Table 1 Characteristics of the ColoPredict Plus 2.0 multicenter dataset. The total number of samples, measurements, region of interest, and spectra used for training, validation, and testing is provided. A subset of the main dataset was used for dimensionality reduction
  Training cohort Validation cohort Test cohort Total
Tumor Tumor-free Tumor Tumor-free Tumor Tumor-free
Samples (n) 50 50 25 25 25 25 200
Measurements (n) 133 104 72 52 57 58 476
 Spero1 (n) 100 53 58 27 46 28 312
 Spero2 (n) 30 51 11 25 10 30 157
 Spero3 (n) 3 0 3 0 1 0 7
RoI (n) 632 635 312 315 236 359 2489
 
Subset
Samples (n) 21 22 10 11 10 10 84
Spectra (n) 949[thin space (1/6-em)]183 736[thin space (1/6-em)]950 592[thin space (1/6-em)]188 346[thin space (1/6-em)]561 435[thin space (1/6-em)]349 468[thin space (1/6-em)]090 3[thin space (1/6-em)]528[thin space (1/6-em)]321


For all dimensionality reduction approaches, an additional subset of the whole dataset was used. The subset includes a randomized selection of samples from each group following the previous partitioning. It comprises 43 samples (21 tumor, 22 tumor-free) from the training data and 21 validation samples (10 tumor, 11 tumor-free). To further reduce the number of spectra, only 10% of spectra were randomly selected from each RoI. The training data involves a total of 1.68 million spectra and validation was conducted on 0.9 million spectra.

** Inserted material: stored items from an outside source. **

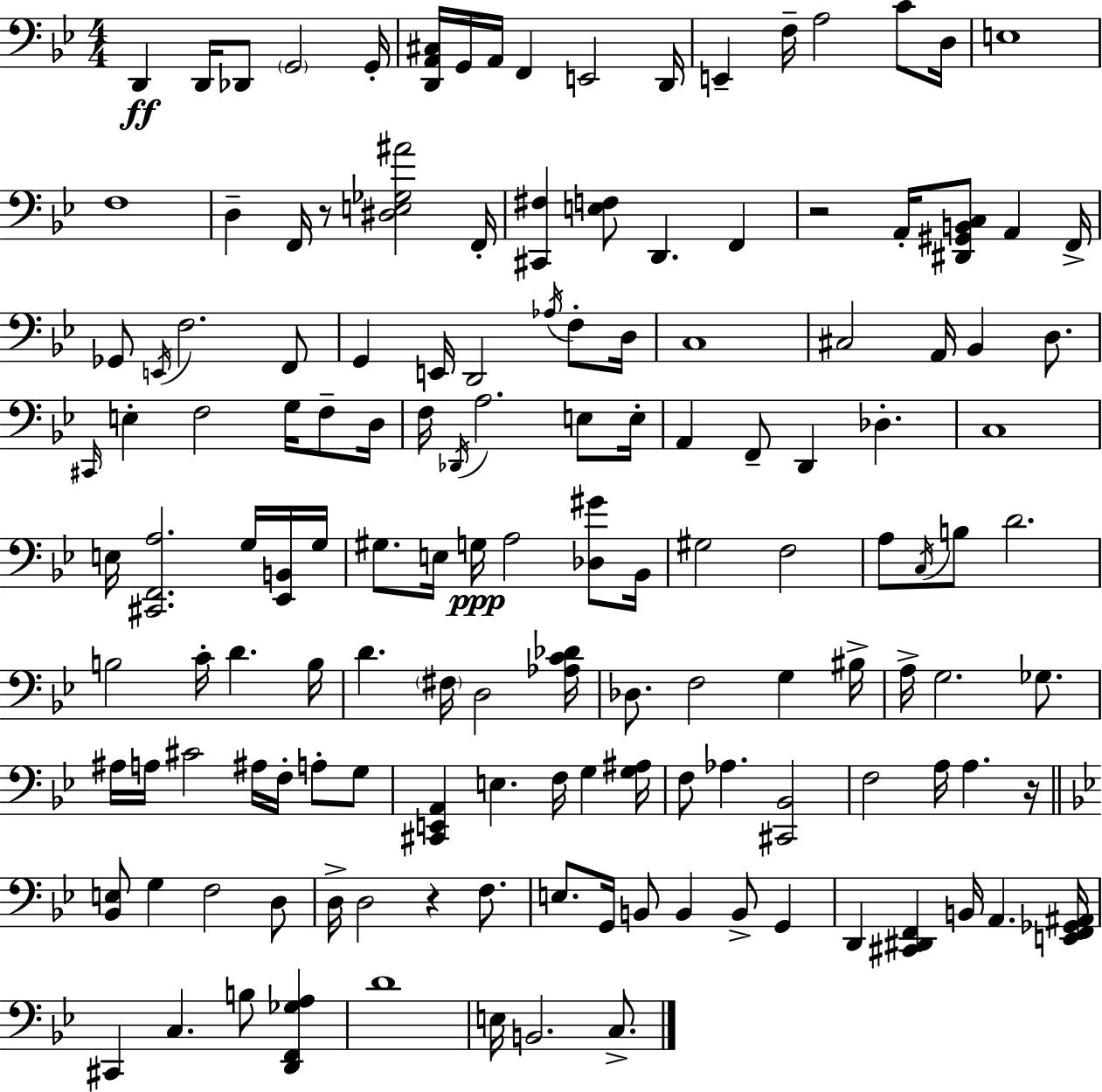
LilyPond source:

{
  \clef bass
  \numericTimeSignature
  \time 4/4
  \key bes \major
  \repeat volta 2 { d,4\ff d,16 des,8 \parenthesize g,2 g,16-. | <d, a, cis>16 g,16 a,16 f,4 e,2 d,16 | e,4-- f16-- a2 c'8 d16 | e1 | \break f1 | d4-- f,16 r8 <dis e ges ais'>2 f,16-. | <cis, fis>4 <e f>8 d,4. f,4 | r2 a,16-. <dis, gis, b, c>8 a,4 f,16-> | \break ges,8 \acciaccatura { e,16 } f2. f,8 | g,4 e,16 d,2 \acciaccatura { aes16 } f8-. | d16 c1 | cis2 a,16 bes,4 d8. | \break \grace { cis,16 } e4-. f2 g16 | f8-- d16 f16 \acciaccatura { des,16 } a2. | e8 e16-. a,4 f,8-- d,4 des4.-. | c1 | \break e16 <cis, f, a>2. | g16 <ees, b,>16 g16 gis8. e16 g16\ppp a2 | <des gis'>8 bes,16 gis2 f2 | a8 \acciaccatura { c16 } b8 d'2. | \break b2 c'16-. d'4. | b16 d'4. \parenthesize fis16 d2 | <aes c' des'>16 des8. f2 | g4 bis16-> a16-> g2. | \break ges8. ais16 a16 cis'2 ais16 | f16-. a8-. g8 <cis, e, a,>4 e4. f16 | g4 <g ais>16 f8 aes4. <cis, bes,>2 | f2 a16 a4. | \break r16 \bar "||" \break \key bes \major <bes, e>8 g4 f2 d8 | d16-> d2 r4 f8. | e8. g,16 b,8 b,4 b,8-> g,4 | d,4 <cis, dis, f,>4 b,16 a,4. <e, f, ges, ais,>16 | \break cis,4 c4. b8 <d, f, ges a>4 | d'1 | e16 b,2. c8.-> | } \bar "|."
}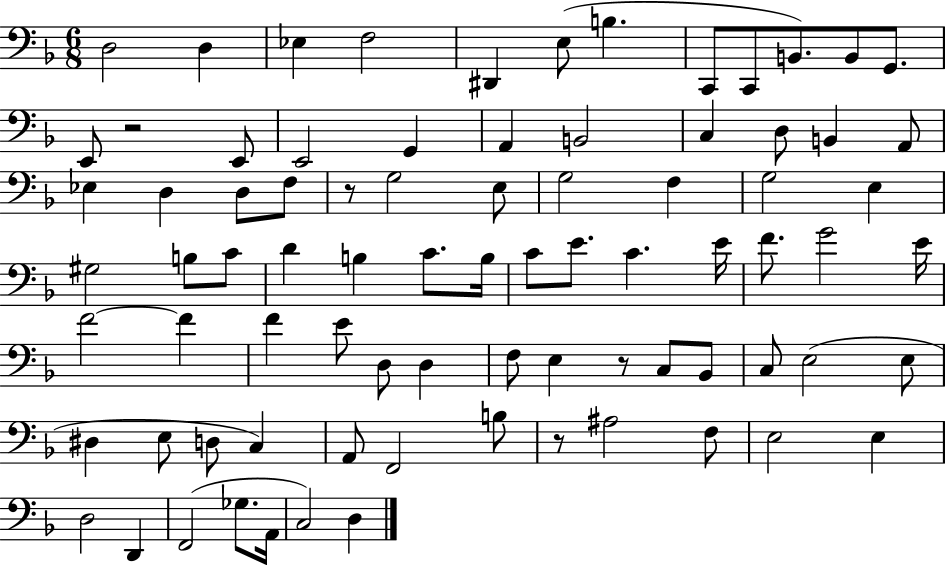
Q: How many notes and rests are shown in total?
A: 81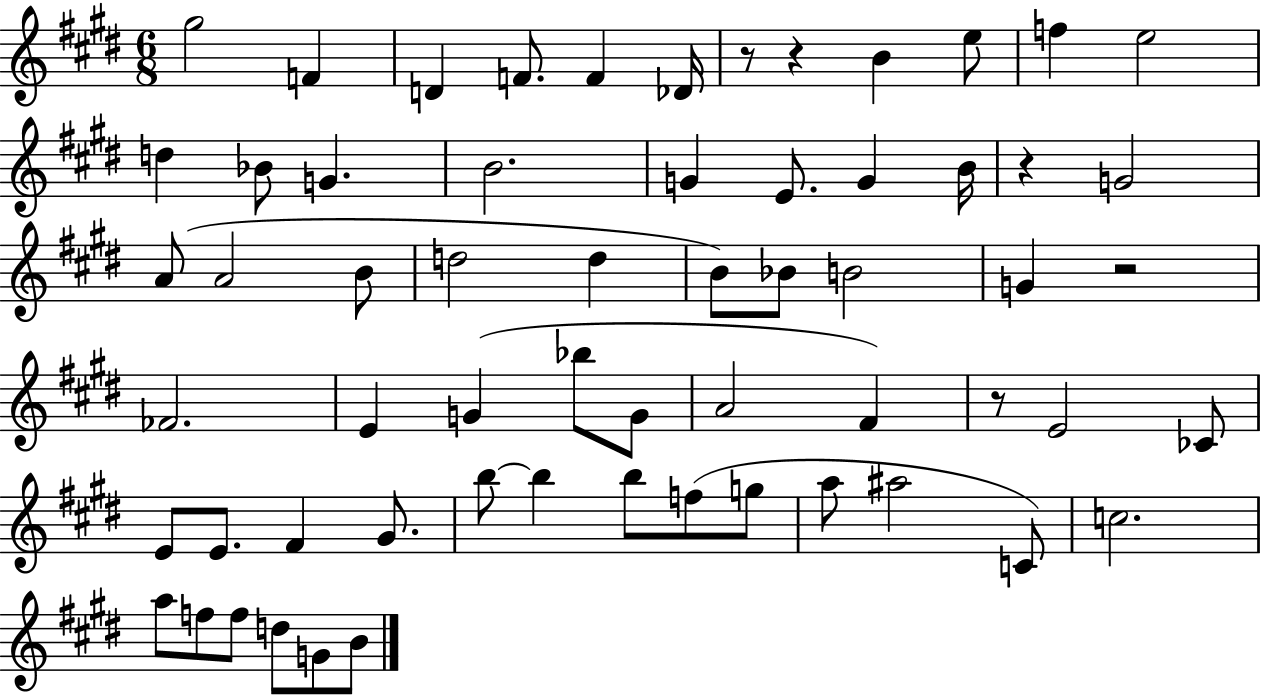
{
  \clef treble
  \numericTimeSignature
  \time 6/8
  \key e \major
  gis''2 f'4 | d'4 f'8. f'4 des'16 | r8 r4 b'4 e''8 | f''4 e''2 | \break d''4 bes'8 g'4. | b'2. | g'4 e'8. g'4 b'16 | r4 g'2 | \break a'8( a'2 b'8 | d''2 d''4 | b'8) bes'8 b'2 | g'4 r2 | \break fes'2. | e'4 g'4( bes''8 g'8 | a'2 fis'4) | r8 e'2 ces'8 | \break e'8 e'8. fis'4 gis'8. | b''8~~ b''4 b''8 f''8( g''8 | a''8 ais''2 c'8) | c''2. | \break a''8 f''8 f''8 d''8 g'8 b'8 | \bar "|."
}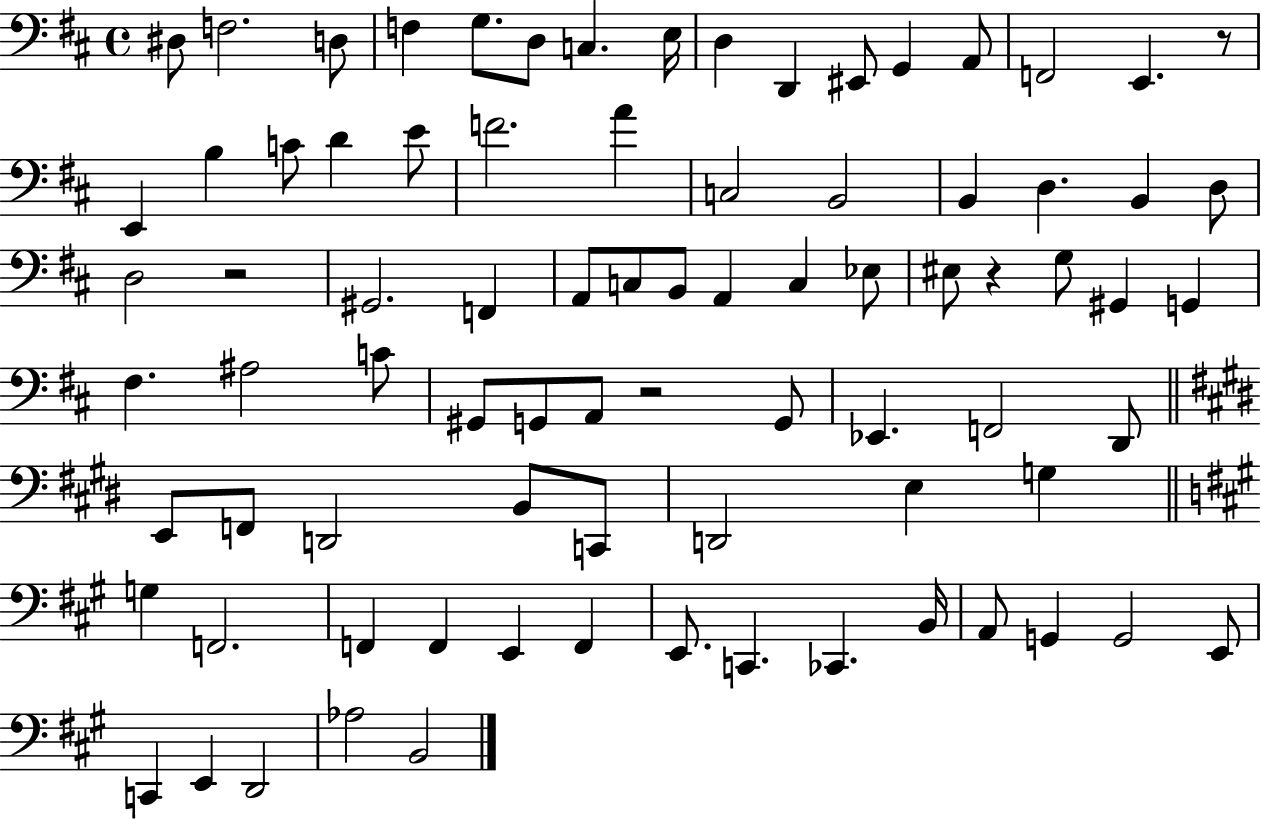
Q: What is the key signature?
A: D major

2.4. Dimensionality reduction

Each hyperspectral infrared image comprises infrared spectra where each pixel is represented as a spectrum with d = 427 wavenumbers. The dimensionality of the data was reduced to d = 16 to lower the computational complexity while retaining the most significant information in the data. The choice of reducing the dimensionality to 16 was determined by calculations of CompSegNet using encoded data of varying dimensions, specifically d = 4, 9 and 32 (ESI Table 1). Reducing the dataset to 4 dimensions proved too limited, resulting in significant loss of information and poorer metric values. Conversely, reducing it to 32 dimensions did not provide substantial improvements compared to 9 dimensions (ESI Fig. 1). Therefore, the selection of 16 dimensions strikes a balance between computational time and the risk of overfitting, ensuring the model's ability to generalize well to unseen data while keeping calculations within a day's time. For dimensionality reduction, we investigated five unsupervised methods, namely principal component analysis, uniform manifold approximation and projection, two different types of stacked autoencoders, and the selection of random wavenumbers as baseline (Fig. 1).
image file: d3an00166k-f1.tif
Fig. 1 Schematic overview of the general workflow. a: Colon samples were measured with a quantum cascade laser and subsequently H&E stained. After getting expert annotations, regions of interest for control and cancer samples of varying sizes are defined. On only a subset, dimensionality reduction was performed with principal component analysis, uniform manifold approximation and projection, two autoencoders, and random projection in which random wavenumbers were chosen. To evaluate the encodings, a segmentation task was conducted using CompSegNet, yielding a cancer segmentation map. b: Each pixel in an infrared image is represented by a 427-dimensional vector and is embedded into a 16-dimensional space. c: Two contractive autoencoders were tested for dimensionality reduction: a series of stacked contractive autoencoder with a single hidden layer were trained36 and afterwards connected to form a deep autoencoder (SCAE, lower). In the second approach, all hidden layers were jointly trained, yielding a fully-connected contractive autoencoder (FCCAE, upper).
Principal component analysis. PCA is certainly the most widely used dimensionality reduction technique for analyzing multivariate datasets.30 PCA iteratively decomposes the covariance matrix of the pixel spectra into a sequence of mutually orthogonal principal components (PCs) of decreasing variance.31,32 In our study, the spectra were standardized to remove the possible influence of individual pixels with large variance on the PCs, such that its distribution has a mean value of 0 and a standard deviation of 1.
Uniform manifold approximation and projection. As a second dimensionality reduction approach, we investigated UMAP,25,33,34 which combines ideas from algebraic topology to embed the data points in a space with high dimensionality n in a graph with spectral graph theory, specifically the graph Laplacian, to perform dimensionality reduction to a space with lower dimensionality d. The graph embedding involves so-called simplicial sets, a concept related to simplicial complexes, which UMAP computes locally around each data point based on a k-nearest-neighbor search. By considering vertices as fuzzy, i.e., weighted simplicial sets, this process yields a certain pseudo-metric space which can be represented by a graph adjacency matrix. The eigenvectors with the d largest eigenvalues of the Laplacian of the adjacency matrix finally yield a dimensionality reduction. The obtained embedding is further optimized with a defined cross-entropy which minimizes the differences between both topological representations. As a result, UMAP yields an embedding mapping through which arbitrary data points can be projected from n dimensional space to d-dimensional space.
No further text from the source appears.